→ Task requirements:
Filter the entries beneath this task, copying only the lines that hold the word "Circle".
- Opening Delimiter -
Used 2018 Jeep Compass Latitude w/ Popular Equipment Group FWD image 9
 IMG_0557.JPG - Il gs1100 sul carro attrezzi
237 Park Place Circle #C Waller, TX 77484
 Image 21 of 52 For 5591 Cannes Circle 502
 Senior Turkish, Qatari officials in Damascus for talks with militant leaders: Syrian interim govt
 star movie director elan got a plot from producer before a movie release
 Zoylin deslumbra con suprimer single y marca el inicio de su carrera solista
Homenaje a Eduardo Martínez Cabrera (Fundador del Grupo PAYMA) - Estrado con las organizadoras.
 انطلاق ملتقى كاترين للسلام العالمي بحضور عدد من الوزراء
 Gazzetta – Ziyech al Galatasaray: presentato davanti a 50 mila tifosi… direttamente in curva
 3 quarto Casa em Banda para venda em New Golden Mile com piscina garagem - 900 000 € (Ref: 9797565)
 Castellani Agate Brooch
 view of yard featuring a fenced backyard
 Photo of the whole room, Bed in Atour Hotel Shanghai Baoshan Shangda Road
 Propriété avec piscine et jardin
- Closing Delimiter -
→ Response to this exercise:
237 Park Place Circle #C Waller, TX 77484
 Image 21 of 52 For 5591 Cannes Circle 502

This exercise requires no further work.